Economy of Tunisia
The World Economic Forum declared Tunisia in 2011-2012 the most economically competitive country in Africa and number 40 globally. The West had long praised the country’s economic liberalization programme, citing it as a model for the whole region. Tunisia’s sustained economic growth over the past decade has been pointed to by many outside observers, including the European Union, but the fact that such growth had not resulted in improved living conditions for most people has largely been ignored. Poverty and unemployment in Tunisia have soared over the past decade, especially among the young and in rural areas. Such economic hardship was a major cause of the uprisings that erupted in Tunisia in December 2010 and finally led to the ouster of President Ben Ali. The promotion of inclusive economic growth remains a primary challenge in Tunisia.

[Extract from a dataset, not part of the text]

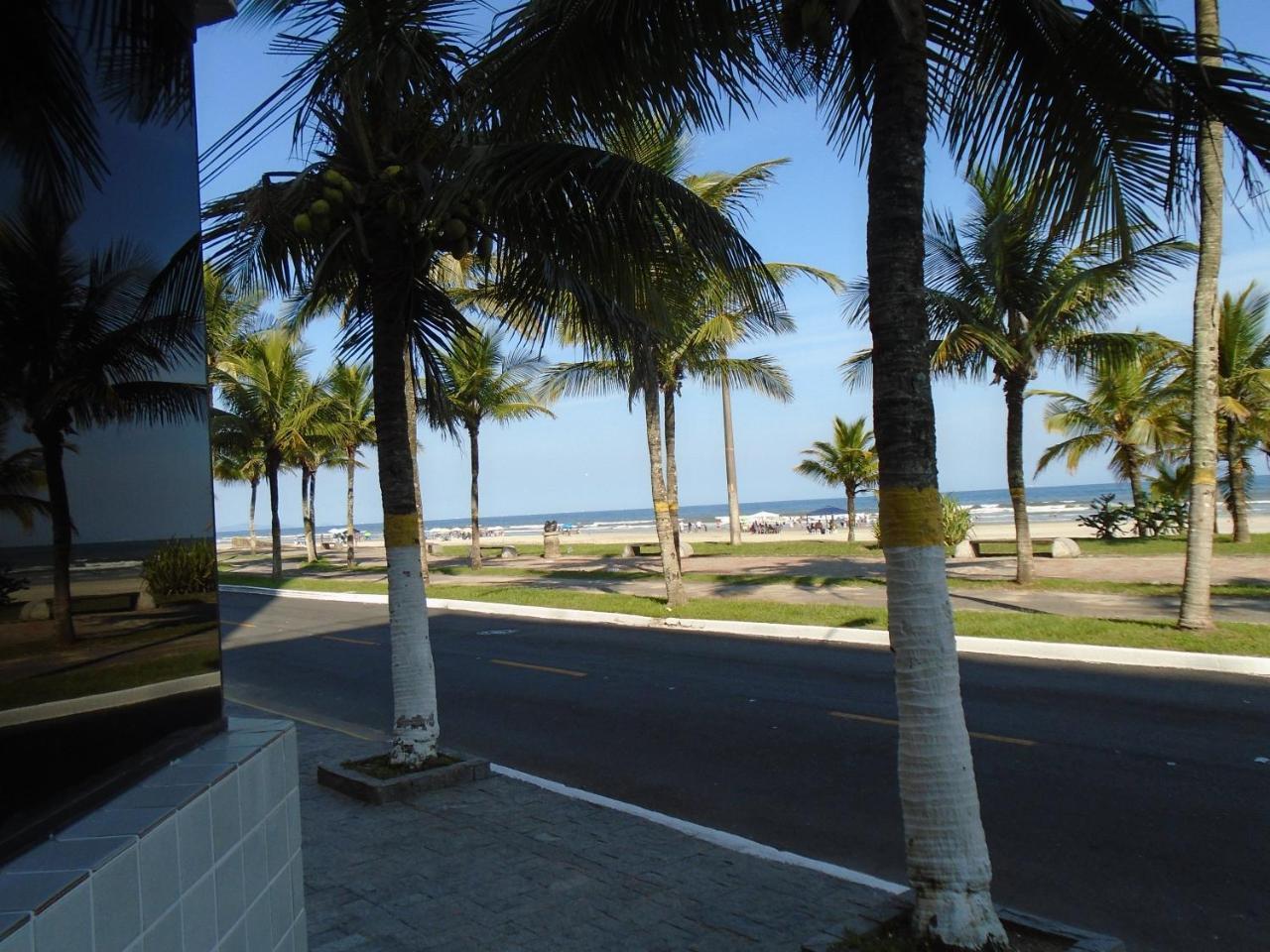 Em Grande - Frente Ao Mar Apartment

Despite making significant progress on the political front, Tunisia’s economic gains will require time, according to the World Bank. The national unity government, which was formed in September 2016, has prioritized security, improving the business environment and accelerating the creation of good-quality jobs – a potential boon for university graduates, around 30 per cent of whom are unemployed. The World Bank predicts that economic growth will improve in 2018 and 2019, as the business climate improves, structural reforms are implemented and security and social stability increase. However, it warns that widespread corruption, a lack of competition and stagnating productivity pose an ongoing challenge.
Gross domestic product (GDP) in 2015 was $43 billion, compared with $47.6 billion in 2014 and $46.2 billion in 2013. The International Monetary Fund (IMF) predicts that GDP in 2017 will grow by 2.8 per cent, compared with 1.5 per cent in 2016 and 0.8 per cent in 2015. GDP per capita in 2015 was $3,923. Inflation in 2017 is expected to be 3.9 per cent, compared with 3.7 per cent in 2016 and 4.9 per cent in 2015.
Tunisia ranked 95th in the Global Competitiveness Report 2016-2017, down three places from 2015-2016.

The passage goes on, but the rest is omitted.